Gadka w city odc.32: BUTELKI W
KIESZENI
Z tylnych kieszeni spodni
wystawały butelki z piwem, jednemu i drugiemu facetowi. Szli szybko,
zmarznięci, przykurzeni, zmoknięci od nocnego deszczu i perypetii, jakie miały miejsce niedawno. Zmęczeni, ale wytrwale
brnęli przez chłodny poranek, zachowując pozory panowania nad swoim życiem.

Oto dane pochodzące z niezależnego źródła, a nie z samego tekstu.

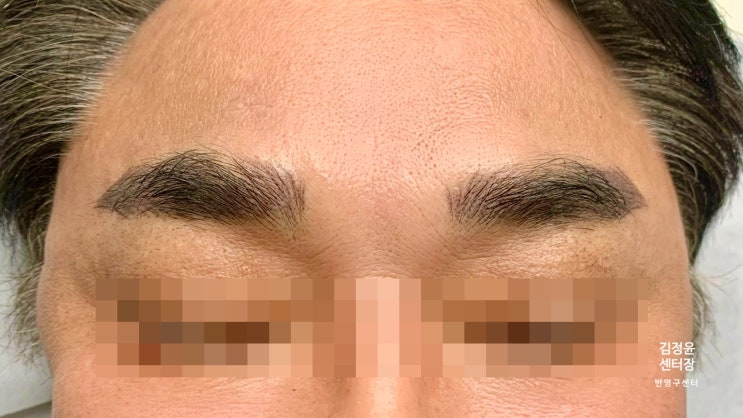  분당 남자 반쪽 눈썹 교정 반영구 문신
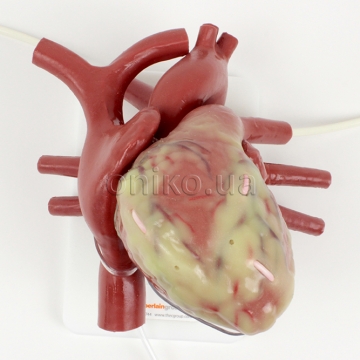 Канюльоване велике серце, що б’ється
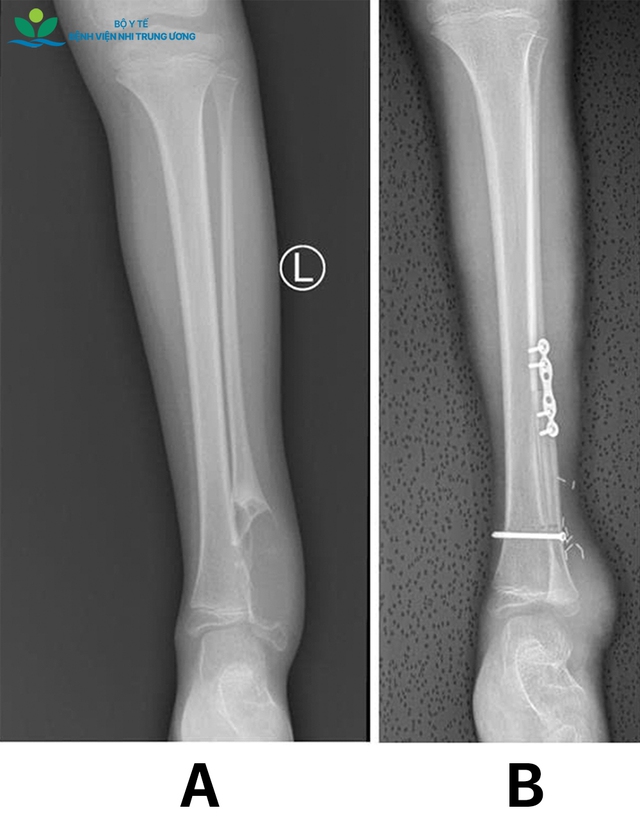 Cứu đ&ocirc;i ch&acirc;n b&eacute; g&aacute;i 8 tuổi khỏi nguy cơ t&agrave;n phế v&igrave; ung thư sụn- Ảnh 4.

Tego niższego, w kapturze, co jakiś czas łagodnym halsem znosiło na lewo, gdy
próbował podbiegać, by dorównać kroku długim krokom kolegi. Ten wyższy nadawał
ton rozmowie i roztaczał wizję pełną smaków i aromatów.
- Już czuję tą brukselkę, stary,
takiej nie wpierdalałeś nigdy.
- Idziemy, kurwa i idziemy.
Mogliśmy podjechać, nie.
- Bez sensu, podjechać, nie pada
już deszcz, chuj, to ulicę dalej.
- Nie pierdol, mówiłeś, że ulicę
dalej i ulicę dalej, ciągle, a ja głodny jestem, jak… Ten, no.
- Zaraz tutaj, to będzie, tylko
kurwa numeru bramy nie pamiętam. Ucieszy się.
- Daleko jeszcze? Od wczoraj nie
miałem nic, nie jadłem, no.
- Tutaj, mówię, kurwa, zaraz, no.
Babcia robi taką brukselkę, że micha się cieszy, stary, nie jadłeś takiej.
Najebałeś się i pierdolisz, przecież od wczoraj piliśmy.
- To teraz bym coś zjadł. A ta
twoja babcia nas nie wyjebie? Tego, no, nie wyrzuci nas tylko da brukselkę i w
ogóle?
- Ucieszy się. Lubiła karmić mnie
brukselką, mówiła, że zdrowa jak chuj. No, stary. Z chlebem, z kiełbasą,
nareszcie zjemy porządnie. Babcia jest w porządku, kurwa.